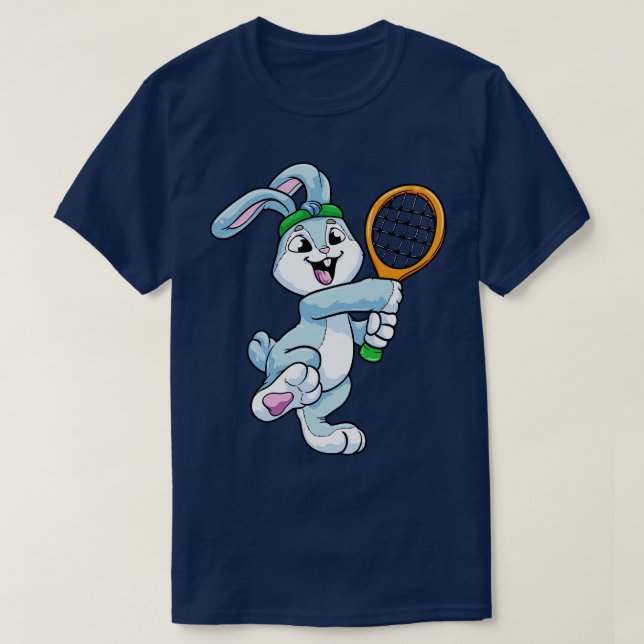 Rabbit as Tennis player with Head at Tennis T-Shirt (Design Front)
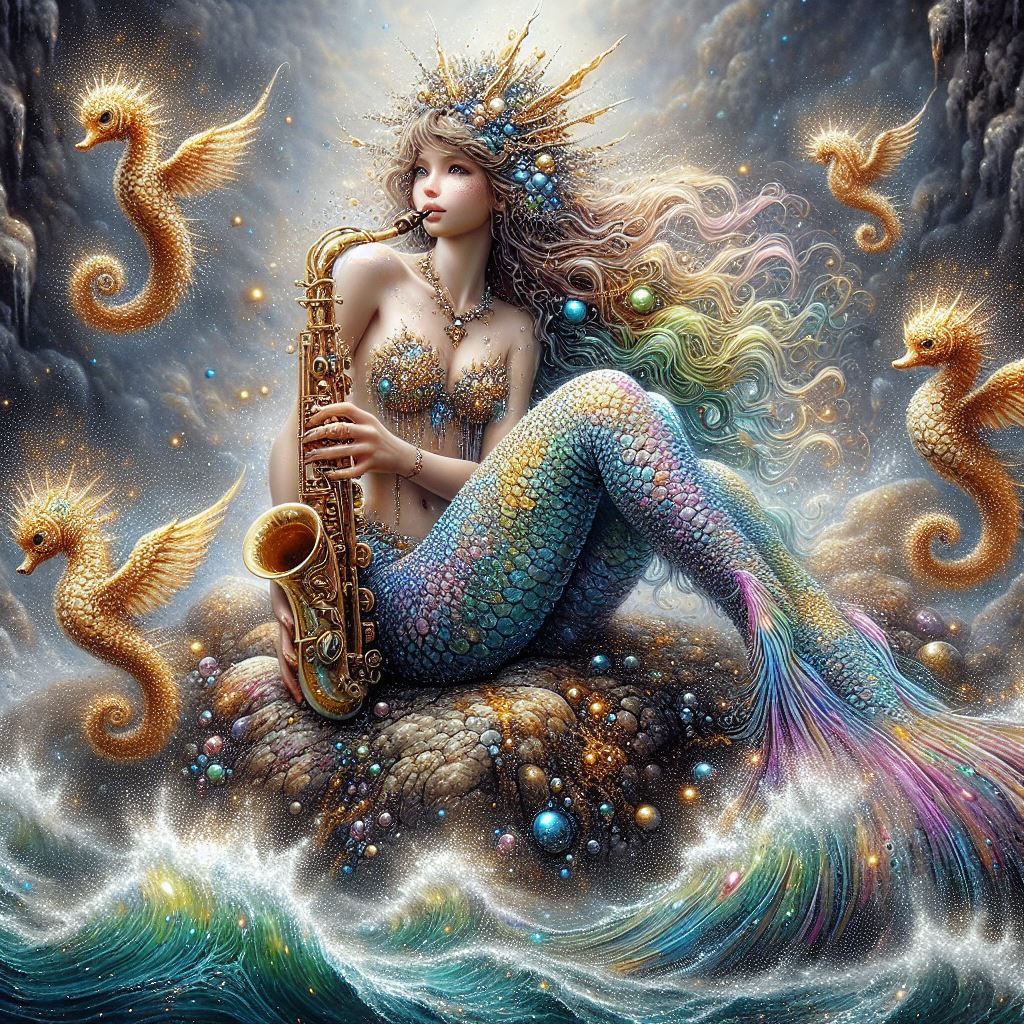 Mermaid saxophonist playing to the seahorses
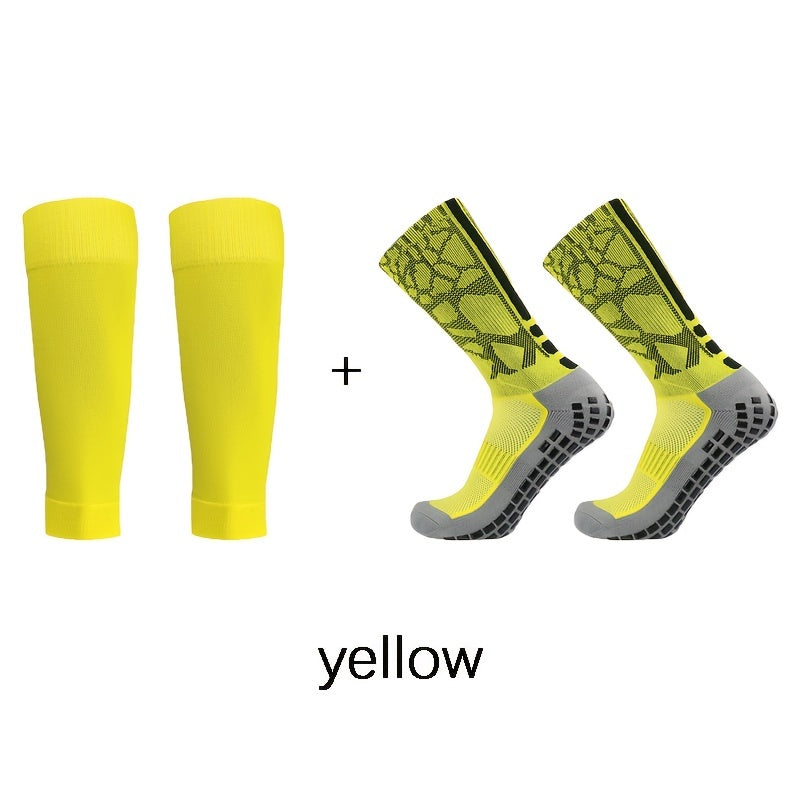 Silicone Non-slip Football Socks Set with Shin Guard Sock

■ ■ ■ ■

• What you will do:
Reproduce the lines from the one with "Mermaid saxophonist playing to the seahorses" through the end of the data, keeping both end lines, adding nothing, and dropping any pictures.

• The answer:
 Mermaid saxophonist playing to the seahorses
 Silicone Non-slip Football Socks Set with Shin Guard Sock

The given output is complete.